Doğan Grubu'na 200; Taraf'a 70 dava



Kovuşturmalardaki ani artışın kaynağında, Ergenekon, Dağlıca ve Aktütün soruşturmaları dolayısıyla "gizliliği ihlal", "yargıyı etkileme" ve "gizli bilgi açıklama" gerekçeleriyle medya kuruluşlarına yönelik çok sayıda dava açılması da var.



Ordunun icraatlarının sorgulanması konusunda atak bir yayın çizgisi izleyen Taraf gazetesine bugüne kadar 70 dava; Doğan Grubu organlarına da Haziran 2007'den beri benzer yayınlar dolayısıyla 200'ün üzerinde dava açıldı.



Bunun dışında da "Yargıyı etkileme" davaları 2007'ye göre yüzde 100 arttı: İşkencede zamanaşımını duyuran "Cumhuriyet" muhabiri Alper Turgut 20 bin TL para cezasına çarptırıldı. 11 yaşındaki Mizgin Özbek'in öldürülmesini duyuran Batman'daki iki aktivist ve beş gazeteci beraat etti.
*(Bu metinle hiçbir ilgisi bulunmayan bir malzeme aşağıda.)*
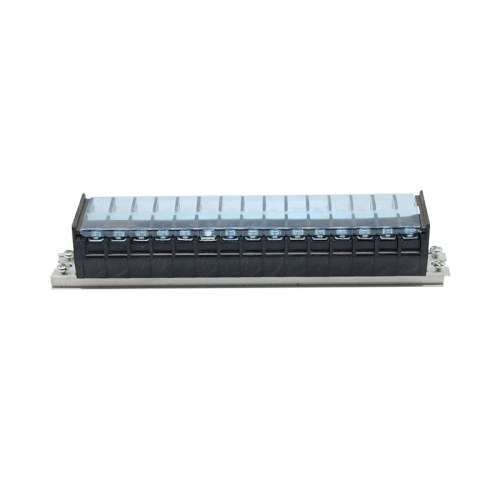 TD-2015导轨式接线端子板排15位15P/20A电线接线盒柱压并线连接器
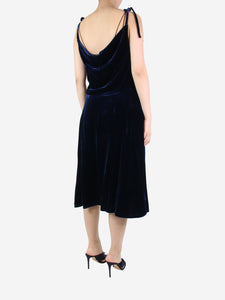 Golden Goose Deluxe Brand Blue velvet slip dress - size S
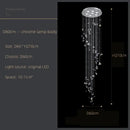 Modern blue & clear butterfly crystal chandelier staircase light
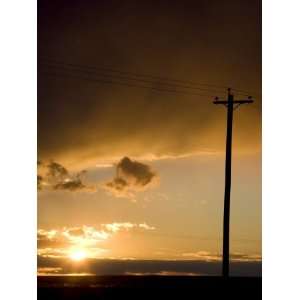  Telephone Poles and a Passing Prairie Storm, Alberta 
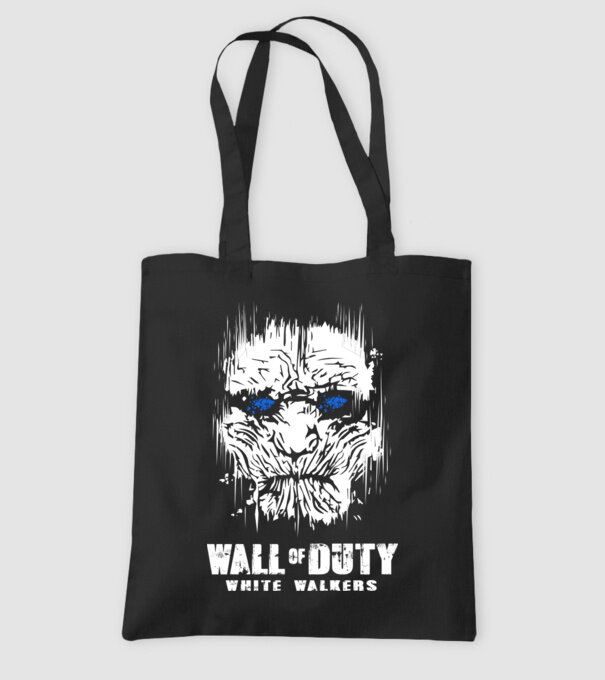 Wall Of Duty model negru pe tricou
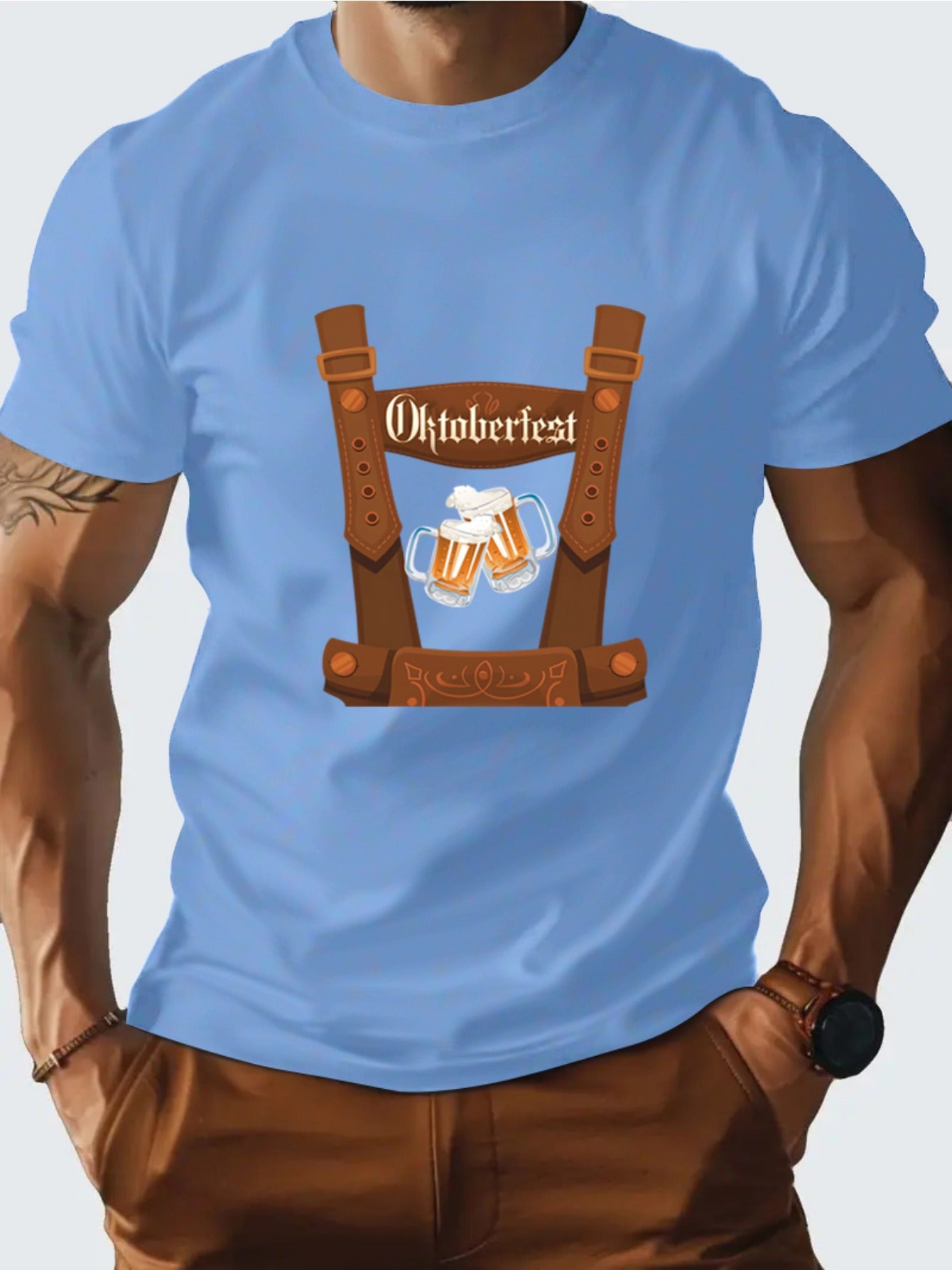 Herren Oktoberfest T-Shirt mit Bier Print | 2025 Outfit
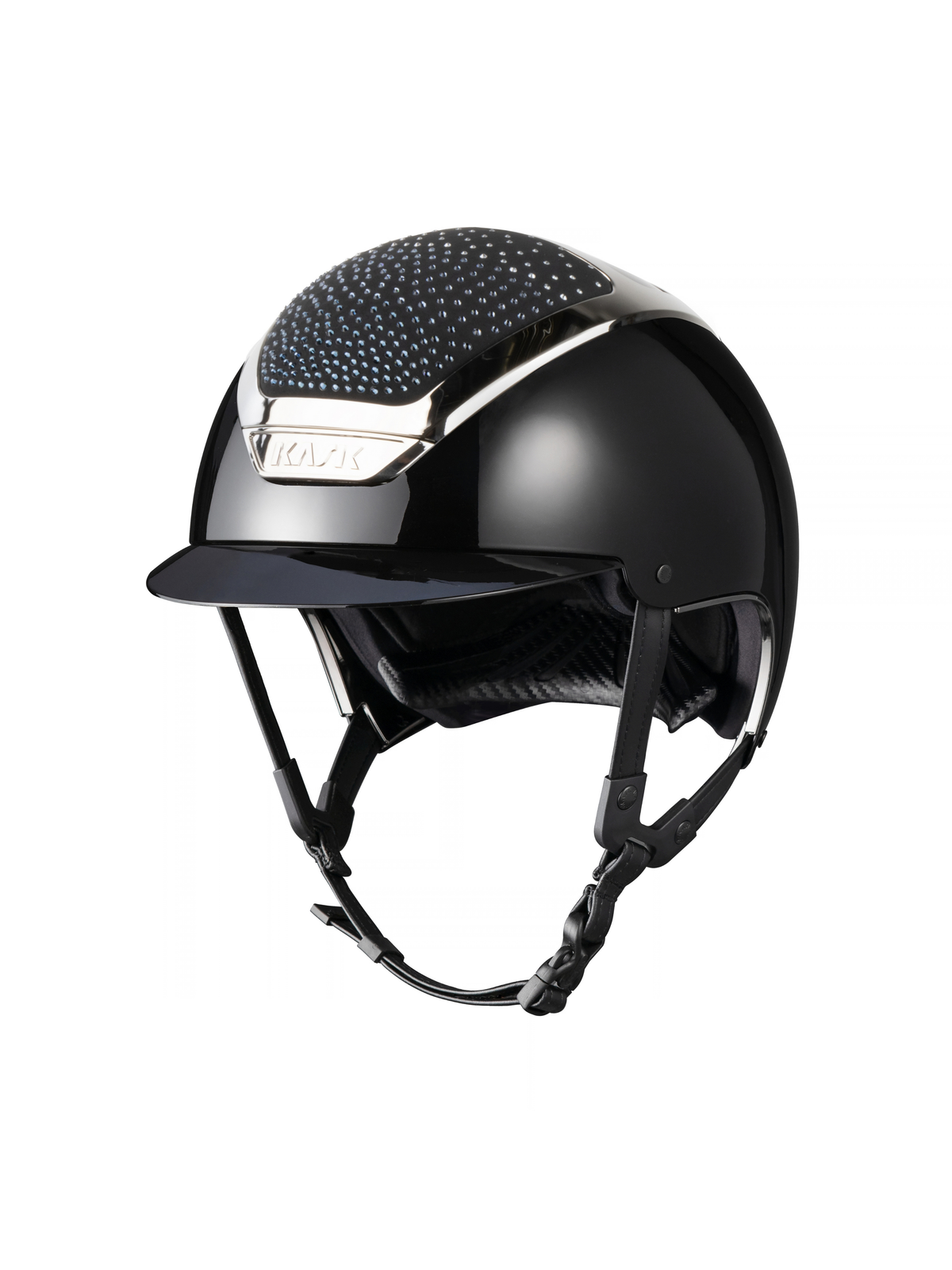 KASK Dogma Pure Shine Waterfence Helmet Black/Silver/Blue Montana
301 sanıklarında yüzde 50 artış!



TCK'nın 301. maddesinden 2008'de 82 kişi mahkemeye çıktı. 23'ünün davası Adalet Bakanlığı'ndan izin verilmeyince düştü. Bakanlıktan "izin" çıkınca mahkemeler yazar Temel Demirer ve Eskişehir'deki 10 aktivisti iki yıl hapisle yargılamaya devam edecek. 23 kişinin dosyası halen Bakanlık kararını bekliyor. Yayıncılar Ragıp Zarakolu ve Fatih Taş, hukukçu Eren Keskin, dergi sahibi Aziz Özer ve iş müfettişi Niyazi Uslay yıl içinde mahkum oldu. 2007'de 301'den 55 kişi yargılanıyordu.
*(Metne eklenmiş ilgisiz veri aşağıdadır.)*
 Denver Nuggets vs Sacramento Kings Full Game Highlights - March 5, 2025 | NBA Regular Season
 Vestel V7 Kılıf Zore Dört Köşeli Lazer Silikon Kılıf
"Kin ve düşmanlığa tahrik"i cezalandıran TCK 216. maddeden yargılanan 23 kişiden Prof. Dr. Baskın Oran, Prof. Dr. İbrahim Kaboğlu, CNN Türk'ten Barış Pehlivan, siyasetçiler Nurettin Yılmaz ve Sertaç Bucak, radyocu Cemal Doğan ve yayıncı Songül Özkan beraat ettiler. Yayıncı Erol Karaaslan hakkında, daha önce beraat ettiği Richard Dawkins'in "Tanrı Yanılgısı" kitabından yeni dava açıldı. 2007'de de 216'dan 23 kişi sanıktı.



"Halkı askerlikten soğutmak"tan geçen yıl 9'u gazeteci 15 kişi yargılandı. Bülent Ersoy, Yıldırım Türker, Perihan Mağden, Cezmi Ersöz, Gökhan Gençay ve İbrahim Çeşmecioğlu beraat ederken Ragıp Zarakolu dahil 9 kişi halen yargılanıyor.



Hapisteki 37 kişiden 15'i tahliye oldu



Çoğu Ergenekon, PKK ve MLKP Davaları'nda 28'i gazeteci toplam 37 kişi, 2008'in tamamını veya bir bölümünü hapiste geçirdi; 15'i yıl içerisinde tahliye edildi.

Vedat Yenerer, Adnan Akfırat ve Serhat Bolluk Ergenekon Davası'ndan; Radyocu Füsun Erdoğan, İbrahim Çiçek ve Sedat Şenoğlu MLKP Davası'ndan, DİHA Ajansı'ndan Ali Buluş, Mehmet Karaaslan, Faysal Tunç ve Behdin Tunç da "PKK ile bağlantılı olmak"tan hapiste. Süren yargılamalarda tutuklamaların kesin olarak "gazetecilik faaliyetleri" ile ilgili olup olmadığı bilinmiyor.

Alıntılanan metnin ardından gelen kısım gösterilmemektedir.